Question

Calculate the pka for the weak acid HA that is 2.3% ionized in a .080M solution. How would I do this?

Answer 1

for the pKa value first let us find percent ionisation to molarity

As 100% gives 0.08M concentration of H+ or pH of solution is -log(0.08) =1.096

2.3% ionisation = 2.3*0.08/100=1.84*10^-3M concentration of H⁺

K_a = [A^-]_eq [H⁺]_eq/[HA]_eq

We know the equilibrium concentration of H⁺, since we were given the pH of the solution.  [H⁺]_eq = 1.84*10^-3M

2.  We know the initial concentration of HA.  We will lose x moles of this as the acid undergoes dissociation to form A^- and H⁺.

3.                                 [HA](M)                 [H⁺](M)           [A^-](M)

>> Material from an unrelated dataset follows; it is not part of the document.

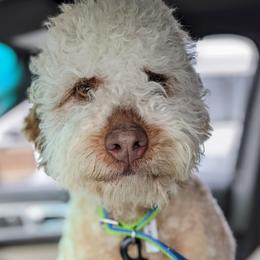Floof - Lagotto Romagnolo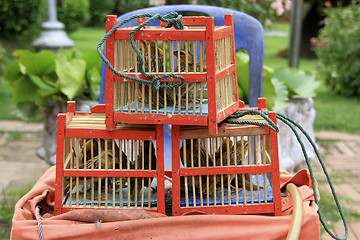 Image showing Wooden cages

            Initial                0.08 0.00                 0.00

            Change             -x                                 +x                    +x

            Equilibrium       0.08 -x x                      x

  K_a   =   (x)(x)

                      (0.08 - x)

4.  Assume that all of the H⁺ comes from the acid, and none from water.   We know that the [H⁺]_eq = 1.84*10^-3M

We can also see that the concentration of HA will change very little, from 0.08 to 0.08 - 1.84 x 10^-3.  The change in concentration can be ignored if it is less than 5% of the original concentration.  0.08 M x 5%, so the change in [HA] in this problem can be ignored.

Ka=(1.84*10^-3)²/0.08=4.2*10^-5

Ka = 10^(-pKa)

so pKa=4.37